Erzurum Kongresinin Milli Mücadeledeki Yeri
• Bölgesel bir kongre olmasına rağmen,alınan kararlar bütün yurdu ilgilendiren nitelikler taşımıştır.
• Erzurum Kongresinin sonucunda “ulusal egemenliği koşulsuz olarak gerçekleştirmek” görüşü ortaya çıkmıştır.
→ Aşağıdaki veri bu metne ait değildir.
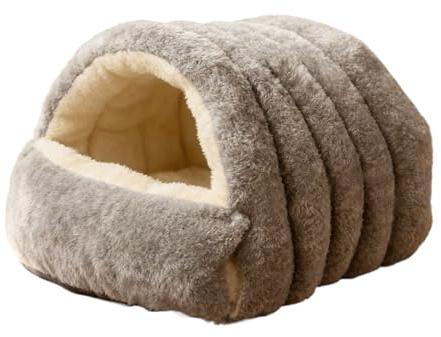 Gatto da interno, cuccia pieghevole e lavabile, con design calmante, rifugio per animali domestici, appartamento, soggiorno, balcone, comfort, posto per dormire in inverno e Natale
• Kongrede alınan kararların takibini ve uygulanmasını sağlamak için 9 kişilik bir Temsil Heyeti oluşturulmuş,başkanlığına da Mustafa Kemal Paşa getirilmiştir.Bu heyet yetkileri bakımından sadece bölgesel bir heyetti.Fakat Sivas Kongresinde yetkileri bütün yurdu kapsayacak şekilde genişletilecektir.
• Erzurum Kongresinde yalnızca iç politika ile ilgili konular değil dış politika ile ilgili gündemler de görüşülmüştür.Bu nedenle kongre ulusal bir meclis gibi hareket etmiştir.
• Erzurum kongresi başlamadan önce her türlü yetkisinden arınmış olan Mustafa Kemal Paşa’nın Erzurum Kongresinde başkan seçilmesi ve Temsil heyeti başkanlığına getirilmesi halkın Mustafa Kemal Paşa’ya güvendiğini göstermiştir.
• Alınan kararlar sadece İstanbul Hükümeti’ni değil İtilaf Devletlerini de bağlayıcı niteliktedir.
• Mondros Ateşkes antlaşmasının kabul edilmediği açık bir şekilde gösterilmiştir.
• Osmanlı Devletinin yönetim kadroları ile halk arasında büyük çapta görüş ayrılıkları olduğu ortaya çıkmıştır.
• Erzurum kongresinin oluş şekli ve çalışma düzeni açısından bir meclis gibi hareket etmiştir.
• Erzurum kongresi Batı anadoludaki direnişi de cesaretlendirerek olumlu yönde etkilemiştir.
• Erzurum Kongresinde alınan kararlar Sivas Kongresinde de aynı şekilde kabul edilmiştir.
• Doğu Anadolu’daki direniş hareketleri birleştirilmiş böylece bütün yurttaki direnişlerin birleştirilmesi yolunda ilk adım Erzurum’da atılmıştır.
• İstanbul Hükümeti Kongrenin engellenmesini ve Mustafa Kemal Paşa’nın tutuklanmasını istemiş fakat İstanbul Hükümetinin bu istekleri yerine getirilmemiştir.Bu durum İstanbul Hükümetinin güvenirliğini ve otoritesini yitirdiğini bir kez daha göstermiştir.
• Kongre önceden İstanbul Hükümeti tarafından görevden alınarak dışlanan Mustafa Kemal Paşa,Kongre sonrasında halkın temsilcisi olarak İstanbul Hükümeti’ne karşı Milli mücadelenin lideri seçilmiştir.
• Bu kararlar yurdun her yerindeki bütün resmi makamlara ve İtilaf devletlerinin temsilcilerine de gönderilmiştir.